UF professor Wesley Bolch will travel to Vienna, Austria, next month as an appointed member of the U.S. delegation to work with the United Nations Scientific Committee on the Effects of Atomic Radiation, or UNSCEAR.

A professor of biomedical engineering and the associate dean for academic affairs for the UF College of Engineering, the UF alumnus was appointed the position because of his decades-long research on the effects of radiation.

The UNSCEAR looks to put out reports that capture the sources of radiation, including environmental and medical sources, and to understand the biological effects of exposure, Bolch said.

Bolch, who graduated from UF with his bachelor’s, master’s and Ph.D. degrees, began working on researching the effects of radiation on humans in the late 1990s.

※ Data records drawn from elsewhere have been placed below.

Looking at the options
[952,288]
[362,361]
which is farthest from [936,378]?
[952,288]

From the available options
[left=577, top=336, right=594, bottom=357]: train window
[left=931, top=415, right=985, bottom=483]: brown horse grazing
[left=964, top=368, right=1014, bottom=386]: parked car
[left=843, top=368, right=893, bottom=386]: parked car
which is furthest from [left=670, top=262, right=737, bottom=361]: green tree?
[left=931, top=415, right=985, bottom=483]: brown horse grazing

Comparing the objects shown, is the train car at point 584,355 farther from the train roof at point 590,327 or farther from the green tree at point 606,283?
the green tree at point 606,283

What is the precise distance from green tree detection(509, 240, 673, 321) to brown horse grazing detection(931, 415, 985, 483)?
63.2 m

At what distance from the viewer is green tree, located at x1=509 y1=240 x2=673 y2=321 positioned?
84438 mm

Bolch began with assessing radiation doses in the bone, and it went from there.

“There’s only a few, a handful, in the world, that have the capability that we do in assessing what those doses are,” Bolch said.

The effects of levels of radiation on people are still only estimated today, Bolch said, but he and his group of students have developed works that have been used internationally to better assess a patient’s radiation risks.

“The idea is, we have a patient that comes through the door, and we want to estimate the level of medical exposure to radiation are,” Bolch said. 

Matthew Maynard, 31, worked with Bolch before graduating from UF with his Ph.D. in medical physics and is currently in post-doctoral research. 

They researched and created one of the most detailed anatomical models for pregnant women, showing how radiation affected the fetus during pregnancy.

Today, Maynard’s work on the effects of radiation on a pregnant women, along with the fetus, has gained international recognition.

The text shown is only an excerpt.